• The problem: Omit all pictures. Quote the lines from the one with "Ο Ομέρ Γιούρτσεβεν" through the end of the listing below, exactly as they appear.

• Dataset section:
* * * * * * *

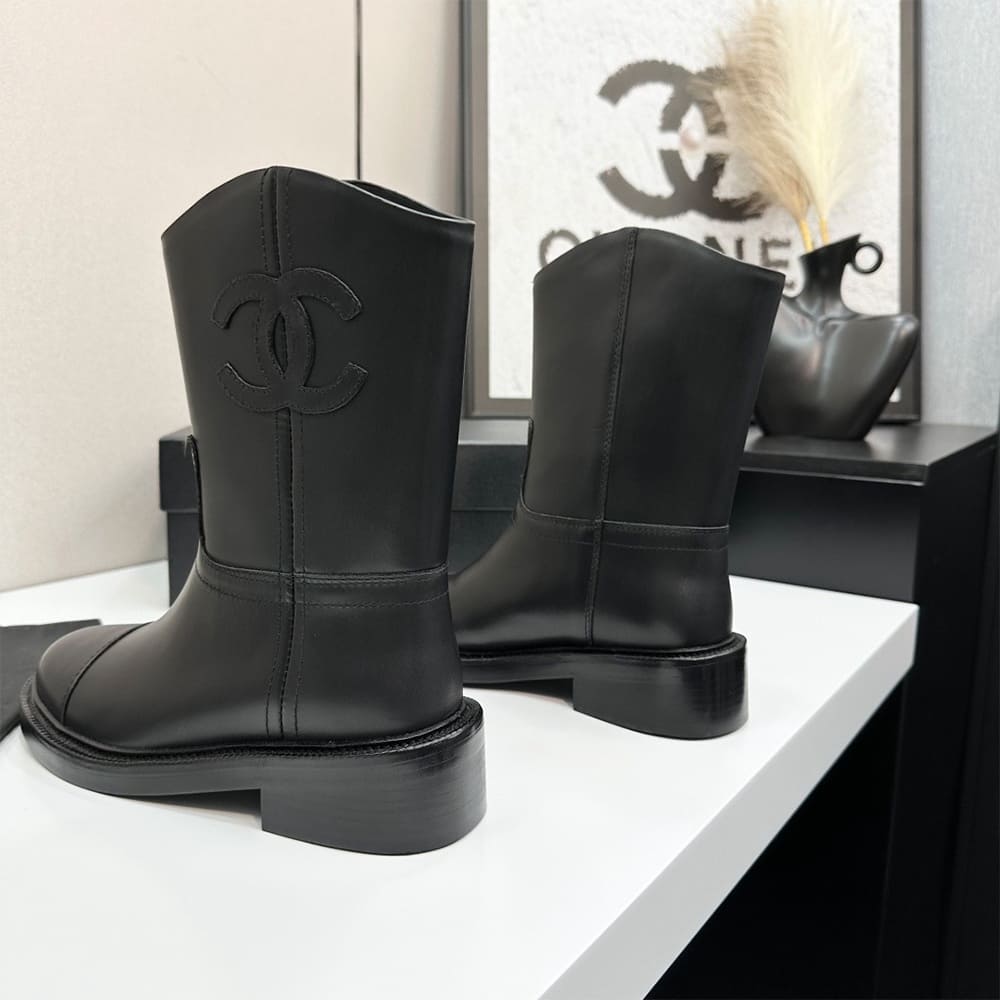 Ch**el Boots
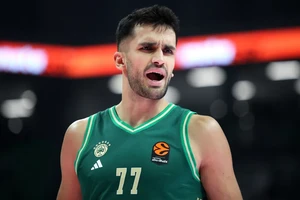 Ο Ομέρ Γιούρτσεβεν συμφώνησε με ομάδα της G-League και ελπίζει ότι θα παίξει στο πλευρό του Άλπερεν Σενγκούν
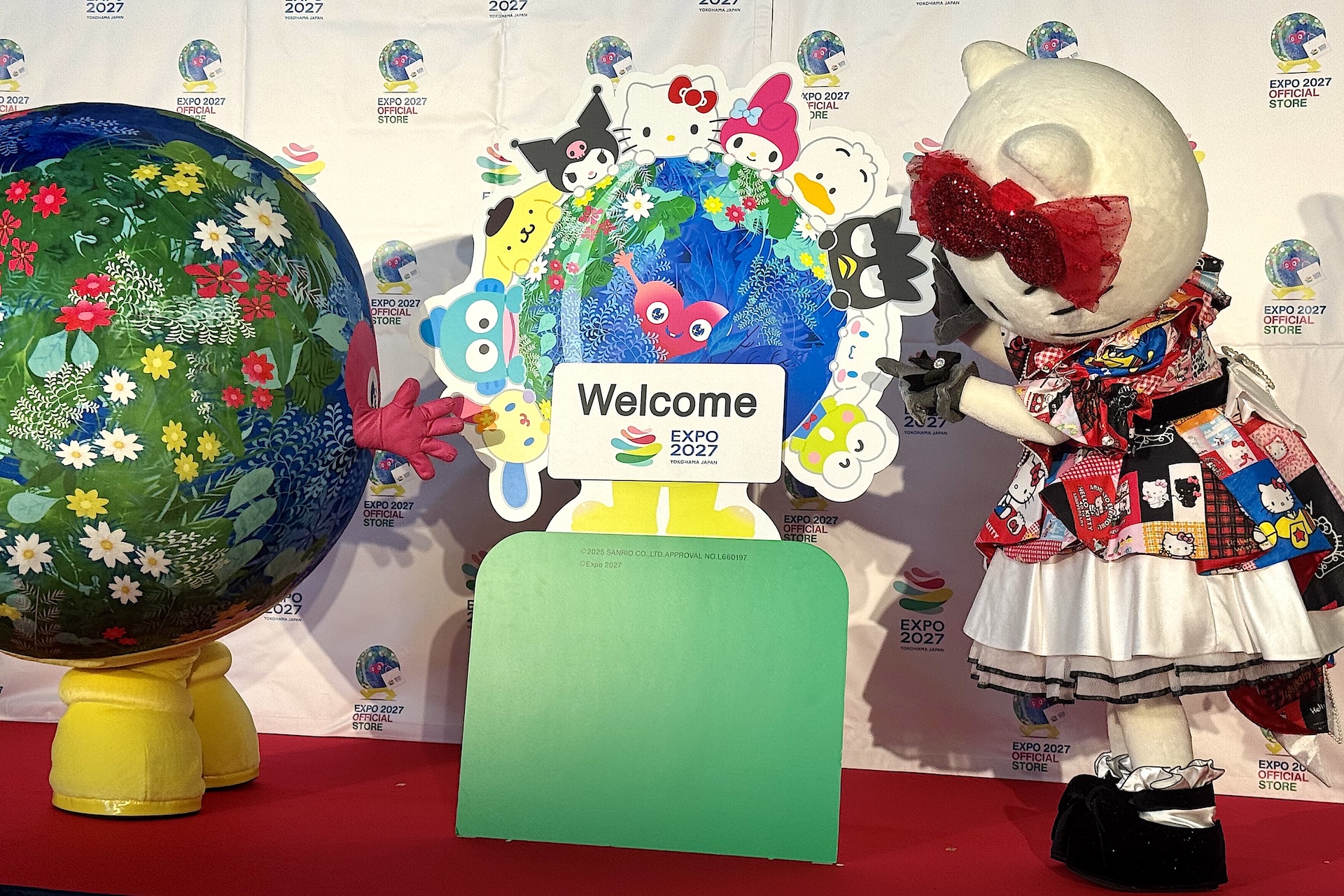 コラボキービジュアルの記念パネルもお披露目。「Welcome」というボードが会場で貼り付けられた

* * * * * * *

• Exercise answer:
 Ο Ομέρ Γιούρτσεβεν συμφώνησε με ομάδα της G-League και ελπίζει ότι θα παίξει στο πλευρό του Άλπερεν Σενγκούν
 コラボキービジュアルの記念パネルもお披露目。「Welcome」というボードが会場で貼り付けられた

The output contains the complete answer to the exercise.